Even when thinking globally, charity begins at home.

And I don't know why people don't read about the ignorance that has allowed Ebola to spread. You have plenty of bush people out there that have no trust for those medical people that are there to help. That's why a group of 8 people, with somewhere between 3 to 5 physicians in the group were killed by backward tribal-like people over there. They dumped their bodies in a sewer afterwards.

This is not something that anyone will get under control easily or immediately; b/c there are numbers of people over there that resist help, and many of them still gut and eat the bushmeat that is thought to be a source for Ebola. Heck, it can be hard to nearly impossible to get health compliance here is America. Stepping outside of America will generally be tougher.

People should read Faadiman (1998): The Spirit Catches You and You Fall Down: A Hmong Child, Her American Doctors, and the Collision of Two Cultures
Regardless of what you think of it, you can't help but feel for those doctors and nurses--how frustrated they became.
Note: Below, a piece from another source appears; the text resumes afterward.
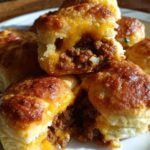 Garlic Parmesan Cheeseburger Bombs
You see, when it comes to health issues in other cultures, it's tough to try and push progress. It takes time. The level of resistance can be incredible.

This is so complicated on many levels. Trying to force Americans into the "solution" over there is going to blow up. Wrong approach.

Do the hot zones need a lot more help? Definitely!!! How to get more help? This ain't it. Regardless, it's going to take some time.

And if you want the help from those in this nation, you have to show that you're on the ball here in a nation with better infrastructure.